Jouffroy, w swej sławnej przedmowie do
Mélanges Philosophiques,
opisując
proces wewnętrzny, jakim doszedł do swej teorii filozoficznej, opowiada jak długo
wprzódy tarany racjonalistycznej filozofii kołatały gmach jego wiary; a gdy nam
uprzytomnia tę noc, w której wśród samotnych rozmyślań i strasznej walki
wewnętrznej, pierwszy kamień z tego gmachu wiary się usunął – a za nim, jakimś
fatalnym związkiem, wszystkie inne usuwać się i walić poczęły – aż został w
zupełnej próżni i ciemności – gdy mówi, jak potem odwiedzając ojcowską zagrodę,
nie śmiał uściskać matki, ani spojrzeć na kościółek, gdzie był chrzczony, bo się
czuł obcym, innym od tego, który wierzył – to aż dreszcz zgrozy i politowania
przechodzi. Nawet Renan, w swych
Souvenirs d'enfance et de jeunesse,
acz pozuje
na szczęśliwego w ateizmie, nie tai jednak ciężkich i długich przejść i rozdarcia
duszy, jakiego doznał porzucając tę wiarę, której go uczono w bretońskim
kościółku, a potem w Seminarium Paryskim. W ogólności mówiąc, katolik w
religii wykształcony, nie traci wiary bez uprzednich szturmów, bez walki i bólu, bo
4
coś żywotnego z jego duszy się wyrywa. – Tołstoj o tej walce, o tym bólu nic nie
wie; wiara w nim ginie, sam nie wie kiedy; błaha okazja zwraca mu uwagę, że pod
praktykami religijnymi, które jeszcze zachowywał, "miejsce
religii było od dawna
opróżnione".
"Moje
odstąpienie od wiary,
pisze,
odbyło się tak samo, jak się to zwykle
działo i dzieje u osób naszej sfery. Rzecz, sądzę, tak się dzieje najczęściej. Ludzie
żyją, jak żyje świat, a świat życie swoje opiera na zasadach, które nic wspólnego z
religią nie mają; często nawet są jej wręcz przeciwne. Nauka religii nie oddziaływa
na życie... nie normuje ani naszych stosunków do innych ludzi, ani własnej naszej
egzystencji; nigdy się nań nie oglądamy. Nauczanie to stosuje się t a m g d z i e ś ,
daleko i niezależnie od życia. Zetknięcie się z tą nauką jest zjawiskiem poniekąd
zewnętrznym, z życiem wcale nie związanym".
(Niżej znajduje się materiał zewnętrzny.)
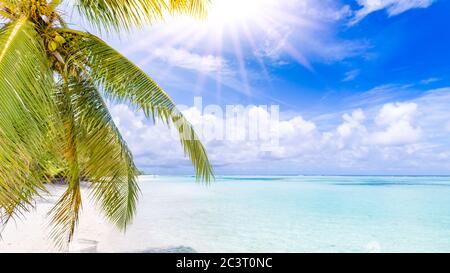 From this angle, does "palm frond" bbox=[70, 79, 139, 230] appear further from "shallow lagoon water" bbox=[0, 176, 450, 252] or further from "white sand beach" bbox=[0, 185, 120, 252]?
"shallow lagoon water" bbox=[0, 176, 450, 252]

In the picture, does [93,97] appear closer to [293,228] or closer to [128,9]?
[128,9]

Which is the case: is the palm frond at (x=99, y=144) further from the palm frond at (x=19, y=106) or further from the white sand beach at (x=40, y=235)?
the white sand beach at (x=40, y=235)

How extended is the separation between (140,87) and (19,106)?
161 cm

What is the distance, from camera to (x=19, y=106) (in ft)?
7.57

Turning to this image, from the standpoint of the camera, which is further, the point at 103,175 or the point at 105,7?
the point at 103,175

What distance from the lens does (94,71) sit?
3.95m

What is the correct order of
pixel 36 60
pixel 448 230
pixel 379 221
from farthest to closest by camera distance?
1. pixel 379 221
2. pixel 448 230
3. pixel 36 60

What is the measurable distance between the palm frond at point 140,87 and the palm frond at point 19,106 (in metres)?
0.90

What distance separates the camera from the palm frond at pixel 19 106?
7.09 ft

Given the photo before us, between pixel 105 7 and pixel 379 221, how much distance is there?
639 inches

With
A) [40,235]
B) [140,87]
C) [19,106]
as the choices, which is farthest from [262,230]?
[19,106]

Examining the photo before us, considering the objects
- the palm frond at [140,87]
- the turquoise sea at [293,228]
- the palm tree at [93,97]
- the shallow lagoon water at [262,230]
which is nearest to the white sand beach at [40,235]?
the shallow lagoon water at [262,230] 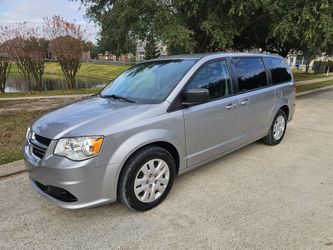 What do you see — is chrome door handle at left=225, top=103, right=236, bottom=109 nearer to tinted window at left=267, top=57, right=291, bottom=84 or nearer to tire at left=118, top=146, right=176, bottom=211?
tire at left=118, top=146, right=176, bottom=211

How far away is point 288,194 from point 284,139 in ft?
8.32

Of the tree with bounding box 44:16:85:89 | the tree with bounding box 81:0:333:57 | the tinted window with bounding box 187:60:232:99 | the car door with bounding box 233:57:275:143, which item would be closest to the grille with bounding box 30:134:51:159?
the tinted window with bounding box 187:60:232:99

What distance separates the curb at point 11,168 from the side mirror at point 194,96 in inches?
100.0

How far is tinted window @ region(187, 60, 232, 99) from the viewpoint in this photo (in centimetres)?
381

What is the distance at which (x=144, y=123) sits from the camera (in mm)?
3178

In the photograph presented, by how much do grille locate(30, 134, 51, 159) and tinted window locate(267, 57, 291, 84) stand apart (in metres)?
3.90

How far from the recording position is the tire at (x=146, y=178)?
308cm

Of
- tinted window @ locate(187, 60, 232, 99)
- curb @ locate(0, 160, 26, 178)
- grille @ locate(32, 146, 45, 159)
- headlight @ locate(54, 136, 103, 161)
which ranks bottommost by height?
curb @ locate(0, 160, 26, 178)

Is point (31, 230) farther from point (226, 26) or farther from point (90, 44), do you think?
point (90, 44)

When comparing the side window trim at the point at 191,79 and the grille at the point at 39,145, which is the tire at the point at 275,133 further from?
the grille at the point at 39,145

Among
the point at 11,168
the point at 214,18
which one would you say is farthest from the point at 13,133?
the point at 214,18

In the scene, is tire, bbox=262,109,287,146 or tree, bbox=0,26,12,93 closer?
tire, bbox=262,109,287,146

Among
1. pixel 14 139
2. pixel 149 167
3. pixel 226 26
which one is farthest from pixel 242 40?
pixel 149 167

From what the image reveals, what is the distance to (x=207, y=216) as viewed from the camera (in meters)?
3.18
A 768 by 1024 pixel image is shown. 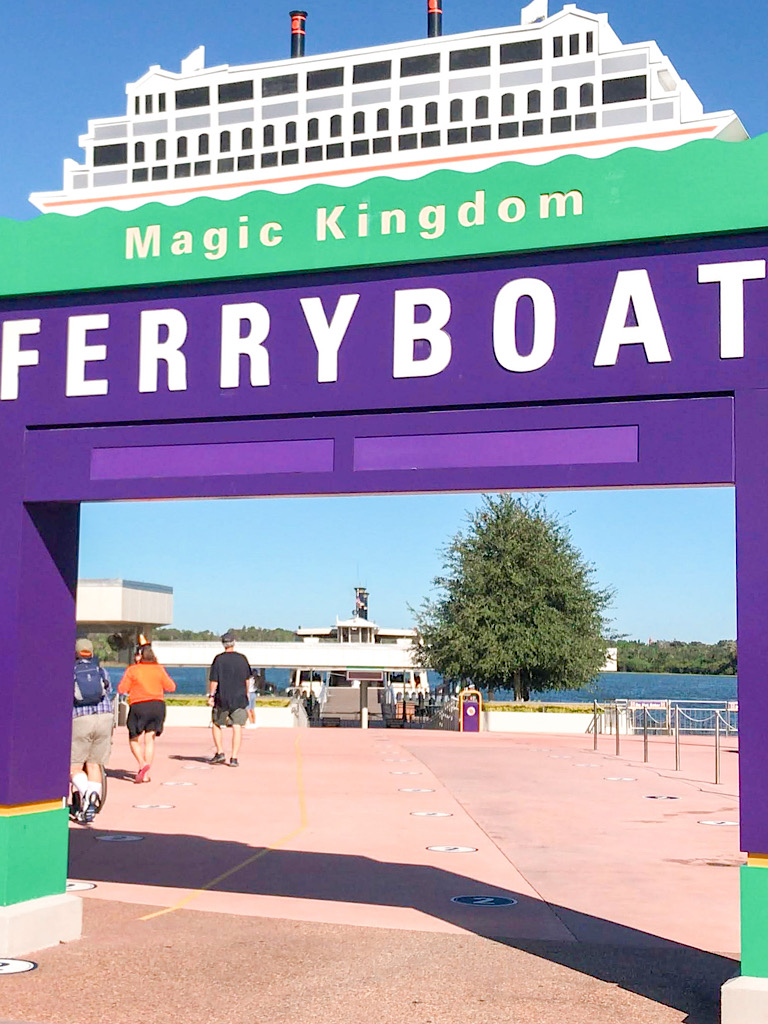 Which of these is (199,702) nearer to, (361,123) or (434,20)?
(361,123)

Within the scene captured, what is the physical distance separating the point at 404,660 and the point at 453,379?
128 ft

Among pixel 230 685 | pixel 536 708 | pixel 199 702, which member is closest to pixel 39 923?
pixel 230 685

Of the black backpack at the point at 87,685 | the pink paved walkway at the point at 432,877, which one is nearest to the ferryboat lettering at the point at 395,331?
the pink paved walkway at the point at 432,877

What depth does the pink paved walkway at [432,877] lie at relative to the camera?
6.38 metres

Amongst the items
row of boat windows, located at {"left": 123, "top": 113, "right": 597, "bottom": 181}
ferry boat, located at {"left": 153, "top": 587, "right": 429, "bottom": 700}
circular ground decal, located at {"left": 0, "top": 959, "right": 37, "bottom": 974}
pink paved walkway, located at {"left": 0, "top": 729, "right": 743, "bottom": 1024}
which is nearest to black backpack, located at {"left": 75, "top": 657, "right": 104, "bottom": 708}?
pink paved walkway, located at {"left": 0, "top": 729, "right": 743, "bottom": 1024}

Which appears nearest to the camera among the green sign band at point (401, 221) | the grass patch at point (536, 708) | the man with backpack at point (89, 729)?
the green sign band at point (401, 221)

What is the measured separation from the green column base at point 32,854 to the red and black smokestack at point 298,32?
119149 mm

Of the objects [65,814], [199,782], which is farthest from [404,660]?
[65,814]

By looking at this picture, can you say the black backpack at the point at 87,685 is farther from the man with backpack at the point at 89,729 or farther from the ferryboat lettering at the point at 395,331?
the ferryboat lettering at the point at 395,331

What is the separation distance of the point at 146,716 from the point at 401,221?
871 centimetres

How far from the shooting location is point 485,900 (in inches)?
336

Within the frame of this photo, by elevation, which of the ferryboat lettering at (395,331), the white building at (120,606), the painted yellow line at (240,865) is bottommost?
the painted yellow line at (240,865)

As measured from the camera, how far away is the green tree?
38.9 metres

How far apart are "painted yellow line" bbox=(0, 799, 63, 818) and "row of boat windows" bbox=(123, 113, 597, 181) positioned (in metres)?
105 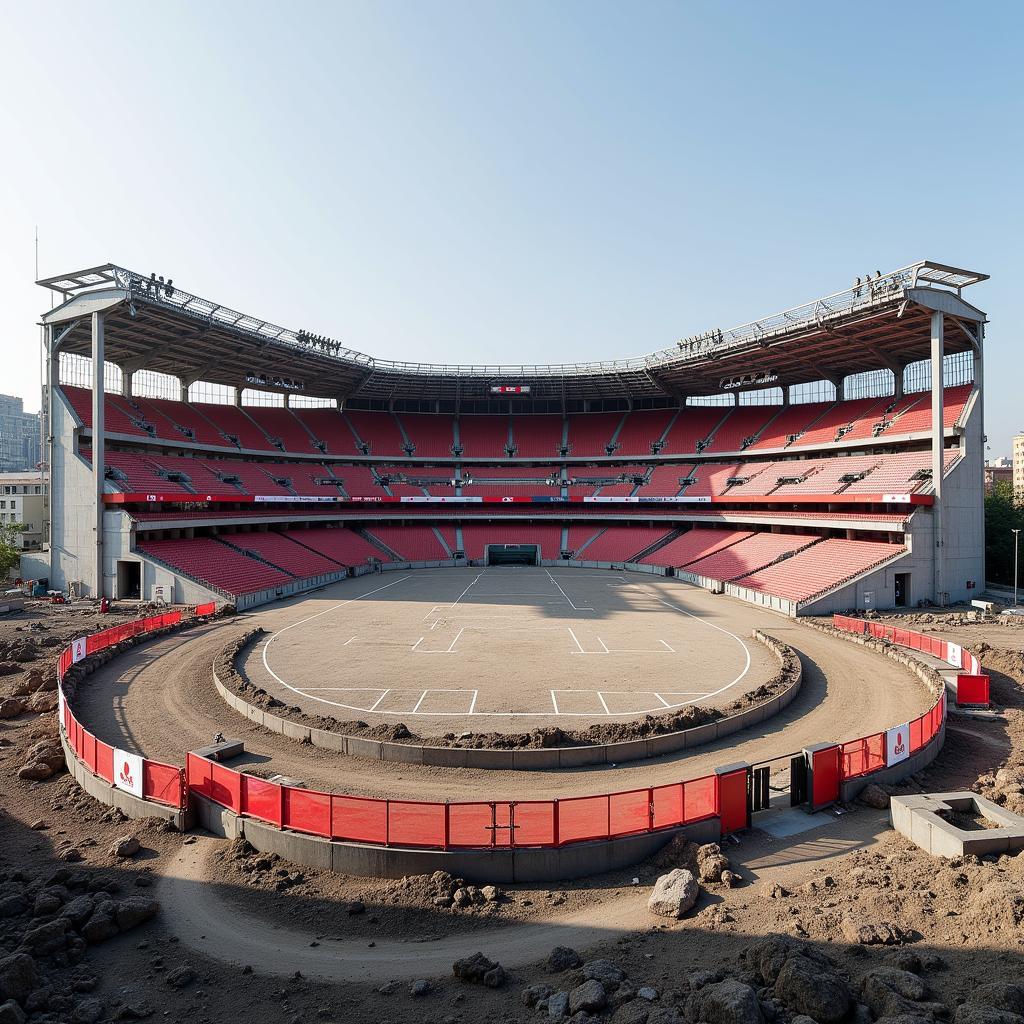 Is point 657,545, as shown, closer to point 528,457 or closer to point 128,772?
point 528,457

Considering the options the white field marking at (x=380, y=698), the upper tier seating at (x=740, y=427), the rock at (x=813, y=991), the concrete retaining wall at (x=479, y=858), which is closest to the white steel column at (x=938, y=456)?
the upper tier seating at (x=740, y=427)

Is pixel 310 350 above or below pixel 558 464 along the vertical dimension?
above

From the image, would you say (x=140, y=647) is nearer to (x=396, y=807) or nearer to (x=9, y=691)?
(x=9, y=691)

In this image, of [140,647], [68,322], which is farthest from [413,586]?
Answer: [68,322]

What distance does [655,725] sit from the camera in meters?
18.4

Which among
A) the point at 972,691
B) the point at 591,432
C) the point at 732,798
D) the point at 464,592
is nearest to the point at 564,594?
the point at 464,592

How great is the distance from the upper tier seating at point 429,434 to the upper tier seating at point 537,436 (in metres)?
8.85

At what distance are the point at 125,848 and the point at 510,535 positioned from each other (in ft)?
192

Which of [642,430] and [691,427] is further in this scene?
[642,430]

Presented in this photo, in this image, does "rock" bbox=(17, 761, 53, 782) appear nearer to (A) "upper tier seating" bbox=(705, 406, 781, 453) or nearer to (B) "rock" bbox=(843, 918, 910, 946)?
(B) "rock" bbox=(843, 918, 910, 946)

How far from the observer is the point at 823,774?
14617mm

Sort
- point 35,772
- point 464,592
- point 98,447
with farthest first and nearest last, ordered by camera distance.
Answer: point 464,592, point 98,447, point 35,772

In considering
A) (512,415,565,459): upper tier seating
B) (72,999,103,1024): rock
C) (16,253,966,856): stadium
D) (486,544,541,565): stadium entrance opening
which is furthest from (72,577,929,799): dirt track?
(512,415,565,459): upper tier seating

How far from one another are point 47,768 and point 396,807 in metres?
11.4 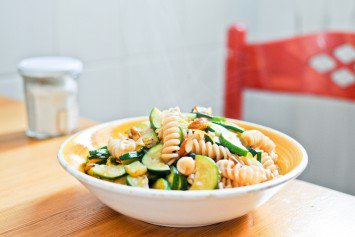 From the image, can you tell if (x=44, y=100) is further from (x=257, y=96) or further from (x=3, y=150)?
(x=257, y=96)

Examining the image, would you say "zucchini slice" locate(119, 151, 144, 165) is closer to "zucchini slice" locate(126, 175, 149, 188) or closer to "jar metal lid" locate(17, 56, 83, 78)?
"zucchini slice" locate(126, 175, 149, 188)

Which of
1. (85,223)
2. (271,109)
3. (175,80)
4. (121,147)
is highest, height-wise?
(121,147)

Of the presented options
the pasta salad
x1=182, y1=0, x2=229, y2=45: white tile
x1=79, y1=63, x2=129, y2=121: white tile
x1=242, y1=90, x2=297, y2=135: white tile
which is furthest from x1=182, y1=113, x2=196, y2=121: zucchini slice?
x1=242, y1=90, x2=297, y2=135: white tile

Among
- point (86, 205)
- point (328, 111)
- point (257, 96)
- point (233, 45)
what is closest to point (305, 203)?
point (86, 205)

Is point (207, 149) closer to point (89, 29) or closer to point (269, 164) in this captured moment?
point (269, 164)

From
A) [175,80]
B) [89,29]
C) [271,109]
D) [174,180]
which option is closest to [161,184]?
[174,180]

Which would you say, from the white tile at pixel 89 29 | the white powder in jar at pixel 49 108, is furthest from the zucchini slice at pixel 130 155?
the white tile at pixel 89 29

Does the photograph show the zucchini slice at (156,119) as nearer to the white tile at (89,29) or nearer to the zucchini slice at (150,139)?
the zucchini slice at (150,139) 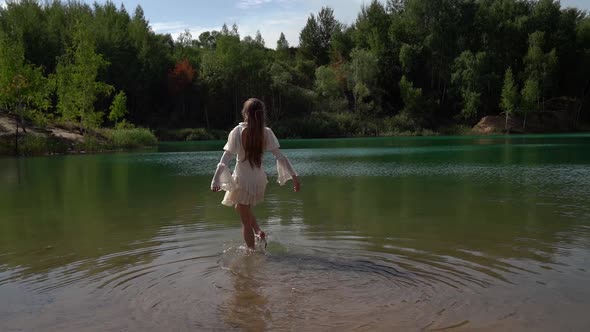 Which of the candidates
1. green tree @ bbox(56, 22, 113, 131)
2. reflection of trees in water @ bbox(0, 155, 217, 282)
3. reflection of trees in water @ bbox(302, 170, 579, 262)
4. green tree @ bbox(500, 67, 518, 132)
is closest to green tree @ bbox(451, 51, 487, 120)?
green tree @ bbox(500, 67, 518, 132)

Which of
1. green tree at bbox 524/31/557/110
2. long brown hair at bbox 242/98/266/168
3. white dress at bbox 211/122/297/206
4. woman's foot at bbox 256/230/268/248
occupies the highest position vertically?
green tree at bbox 524/31/557/110

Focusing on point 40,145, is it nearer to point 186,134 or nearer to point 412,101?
point 186,134

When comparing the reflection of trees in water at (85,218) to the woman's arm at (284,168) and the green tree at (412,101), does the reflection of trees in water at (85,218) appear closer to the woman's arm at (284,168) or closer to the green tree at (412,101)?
the woman's arm at (284,168)

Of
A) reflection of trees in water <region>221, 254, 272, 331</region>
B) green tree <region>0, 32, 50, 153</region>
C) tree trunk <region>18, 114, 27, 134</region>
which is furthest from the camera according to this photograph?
tree trunk <region>18, 114, 27, 134</region>

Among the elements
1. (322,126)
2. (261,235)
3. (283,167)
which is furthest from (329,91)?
(261,235)

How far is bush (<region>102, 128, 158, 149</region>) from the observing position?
39188mm

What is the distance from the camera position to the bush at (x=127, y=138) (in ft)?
129

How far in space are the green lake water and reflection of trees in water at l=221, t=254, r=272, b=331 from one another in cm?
2

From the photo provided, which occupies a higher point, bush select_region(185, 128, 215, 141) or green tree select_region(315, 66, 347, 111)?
green tree select_region(315, 66, 347, 111)

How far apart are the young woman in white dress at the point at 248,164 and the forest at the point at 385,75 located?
50.6 m

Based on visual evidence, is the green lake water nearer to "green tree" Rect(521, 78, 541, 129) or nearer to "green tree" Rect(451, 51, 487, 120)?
"green tree" Rect(521, 78, 541, 129)

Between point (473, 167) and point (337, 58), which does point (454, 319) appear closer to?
point (473, 167)

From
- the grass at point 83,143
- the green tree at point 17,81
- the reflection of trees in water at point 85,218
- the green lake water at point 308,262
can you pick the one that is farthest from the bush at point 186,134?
the green lake water at point 308,262

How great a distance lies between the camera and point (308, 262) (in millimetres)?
6016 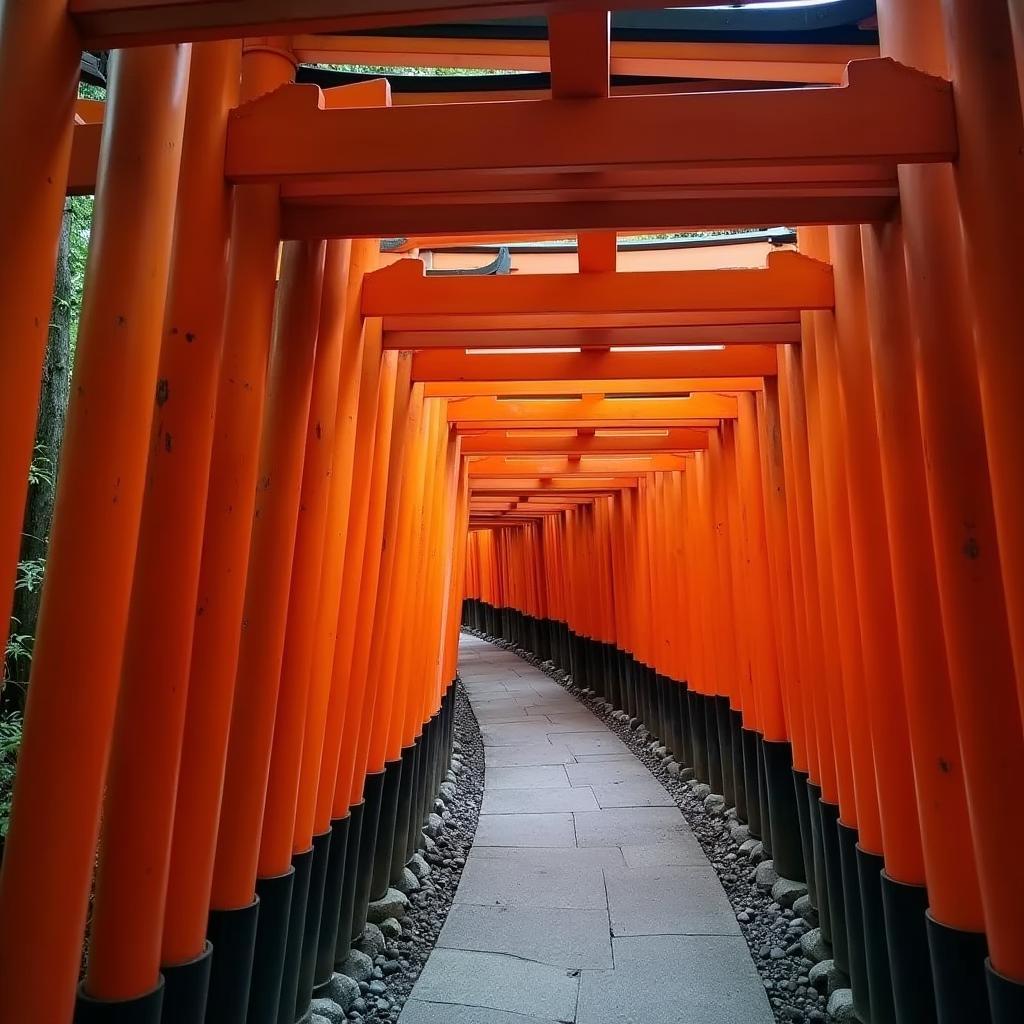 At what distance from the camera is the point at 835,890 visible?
12.6 feet

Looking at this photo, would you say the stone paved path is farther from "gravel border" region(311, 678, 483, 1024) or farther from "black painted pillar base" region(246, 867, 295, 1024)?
"black painted pillar base" region(246, 867, 295, 1024)

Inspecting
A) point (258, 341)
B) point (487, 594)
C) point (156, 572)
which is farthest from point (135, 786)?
point (487, 594)

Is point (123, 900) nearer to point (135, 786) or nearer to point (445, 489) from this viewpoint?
point (135, 786)

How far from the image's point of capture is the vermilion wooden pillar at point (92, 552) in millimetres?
1730

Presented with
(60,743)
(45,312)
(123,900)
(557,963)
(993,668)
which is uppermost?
(45,312)

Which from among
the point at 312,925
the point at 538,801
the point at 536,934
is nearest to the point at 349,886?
the point at 312,925

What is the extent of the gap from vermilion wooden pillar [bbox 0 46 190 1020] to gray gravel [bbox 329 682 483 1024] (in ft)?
7.34

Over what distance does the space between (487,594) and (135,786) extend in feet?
76.7

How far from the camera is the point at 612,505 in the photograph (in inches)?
447

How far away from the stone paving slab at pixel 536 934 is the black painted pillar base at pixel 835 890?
1180 millimetres

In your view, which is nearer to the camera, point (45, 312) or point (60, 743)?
point (45, 312)

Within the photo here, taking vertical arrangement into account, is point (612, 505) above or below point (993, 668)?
above

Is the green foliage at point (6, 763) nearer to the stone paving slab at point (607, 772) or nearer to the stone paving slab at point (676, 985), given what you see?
the stone paving slab at point (676, 985)

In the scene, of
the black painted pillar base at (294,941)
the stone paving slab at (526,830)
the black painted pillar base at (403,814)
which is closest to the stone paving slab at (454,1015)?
the black painted pillar base at (294,941) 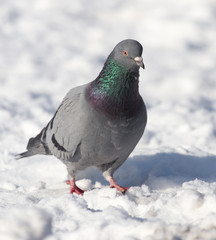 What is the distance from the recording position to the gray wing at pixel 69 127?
3689mm

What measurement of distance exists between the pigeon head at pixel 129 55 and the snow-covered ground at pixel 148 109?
0.95 m

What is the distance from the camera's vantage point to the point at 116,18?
9289 millimetres

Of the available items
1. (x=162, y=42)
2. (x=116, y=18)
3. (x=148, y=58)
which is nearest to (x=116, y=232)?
(x=148, y=58)

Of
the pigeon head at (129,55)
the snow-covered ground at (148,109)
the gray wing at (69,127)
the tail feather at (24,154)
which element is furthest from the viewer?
the tail feather at (24,154)

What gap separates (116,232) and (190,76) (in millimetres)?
5221

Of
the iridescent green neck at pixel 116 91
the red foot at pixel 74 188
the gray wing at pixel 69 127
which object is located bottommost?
the red foot at pixel 74 188

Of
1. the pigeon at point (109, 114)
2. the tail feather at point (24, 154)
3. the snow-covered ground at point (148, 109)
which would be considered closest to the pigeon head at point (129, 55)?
the pigeon at point (109, 114)

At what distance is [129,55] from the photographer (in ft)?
11.8

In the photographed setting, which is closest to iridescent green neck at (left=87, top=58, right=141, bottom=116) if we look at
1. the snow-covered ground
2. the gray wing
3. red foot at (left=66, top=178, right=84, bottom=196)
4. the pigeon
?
the pigeon

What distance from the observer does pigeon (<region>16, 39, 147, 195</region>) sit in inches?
142

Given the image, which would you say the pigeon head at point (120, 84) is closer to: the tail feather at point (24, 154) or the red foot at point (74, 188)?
the red foot at point (74, 188)

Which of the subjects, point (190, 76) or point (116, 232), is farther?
point (190, 76)

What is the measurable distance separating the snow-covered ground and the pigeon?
0.34 meters

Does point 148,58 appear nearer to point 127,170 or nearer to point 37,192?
point 127,170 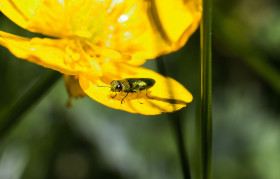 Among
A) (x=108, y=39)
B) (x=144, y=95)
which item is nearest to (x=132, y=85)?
(x=144, y=95)

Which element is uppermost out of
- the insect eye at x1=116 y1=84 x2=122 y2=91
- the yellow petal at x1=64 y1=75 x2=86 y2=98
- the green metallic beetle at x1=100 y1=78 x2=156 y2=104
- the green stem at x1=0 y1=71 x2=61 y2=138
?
the green metallic beetle at x1=100 y1=78 x2=156 y2=104

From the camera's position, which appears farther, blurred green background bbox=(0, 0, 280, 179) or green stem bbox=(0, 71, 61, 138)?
blurred green background bbox=(0, 0, 280, 179)

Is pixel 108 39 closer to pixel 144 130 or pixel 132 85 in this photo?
pixel 132 85

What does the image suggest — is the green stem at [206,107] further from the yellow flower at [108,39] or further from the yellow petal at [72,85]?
A: the yellow petal at [72,85]

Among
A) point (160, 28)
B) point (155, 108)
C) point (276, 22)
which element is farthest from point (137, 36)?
point (276, 22)

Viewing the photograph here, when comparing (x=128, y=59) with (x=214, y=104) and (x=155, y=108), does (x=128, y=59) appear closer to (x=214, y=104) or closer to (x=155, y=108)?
(x=155, y=108)

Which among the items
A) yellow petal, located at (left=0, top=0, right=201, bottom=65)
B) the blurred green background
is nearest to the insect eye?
yellow petal, located at (left=0, top=0, right=201, bottom=65)

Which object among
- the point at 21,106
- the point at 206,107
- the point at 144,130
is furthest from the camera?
the point at 144,130

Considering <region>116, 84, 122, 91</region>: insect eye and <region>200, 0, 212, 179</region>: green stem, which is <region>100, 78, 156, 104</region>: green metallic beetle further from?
<region>200, 0, 212, 179</region>: green stem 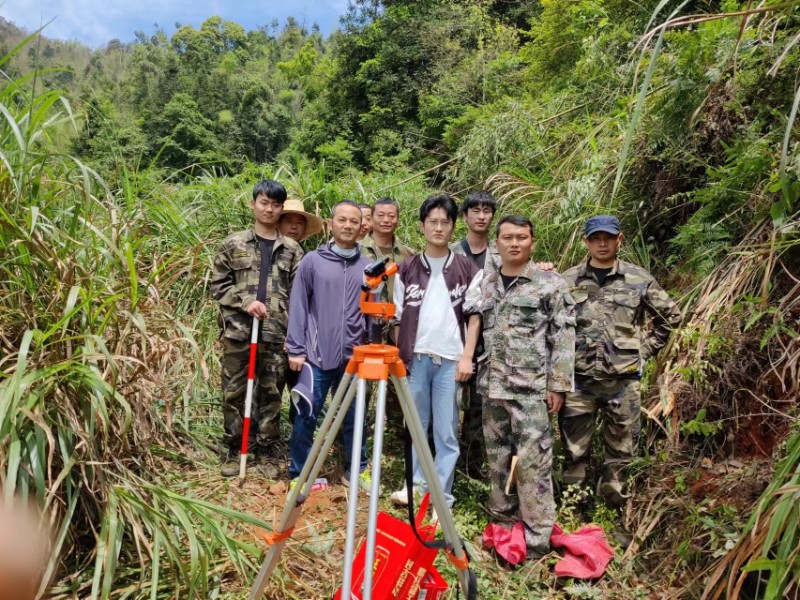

I dlatego też religia rozwiewa się w
duszy Tołstoja jak mara: "światło
wiedzy i życia,
jak sam mówi,
roztapia tę
sztuczną budowlę...".
Zdarzy się i w naszym społeczeństwie spotkać tę zewnętrzność religii, to
odcięcie jej od życia, bo i u nas niestety są ludzie, dla których religia jest formą, a
nie stała się nigdy przekonaniem. Ale żaden szczery myśliciel, piszący czy u nas,
czy w jakimkolwiek kraju katolickim, nie nadałby temu zjawisku znaczenia
powszechnego; żaden by nie powiedział, co dodaje Tołstoj: "Po
życiu i czynach
człowieka, niepodobna rozeznać, czy wierzy lub nie wierzy. Jeśli jest jaka różnica
między tym co wyznaje ortodoksję, a tym co się jej wypiera, to ona nie jest na
korzyść pierwszego. Wyznawanie i praktyka religii spotykają się najpospoliciej u
osób ograniczonych, okrutnych, niemoralnych, a wysoko o sobie trzymających;
podczas gdy inteligencja, prawość, szczerość, życzliwość, moralność, znajdują się
zwykle u ludzi bez wiary".
To nam wiele tłumaczy: gdzie indziej widzimy, jak dusze głębsze, nie
mogące poprzestać na powierzchowności, ale szukające prawdy absolutnej,
stawiające sobie pytanie o celu życia, trafiają normalnie do prawdziwej wiary. Taki
Stolberg, Newman, Wiseman, Ratisbonne, Schlegel (Frydr.), Möhler, Lacordaire ze
swą plejadą, Claude Bernard... i setki innych, znajdują Chrystusa w Kościele
katolickim. – Tu, jakaś przepona fatalna, którą nam łatwo odgadnąć, a którą
Tołstoj, jak zobaczymy, plastycznie opisał, oddziela takie dusze od Chrystianizmu.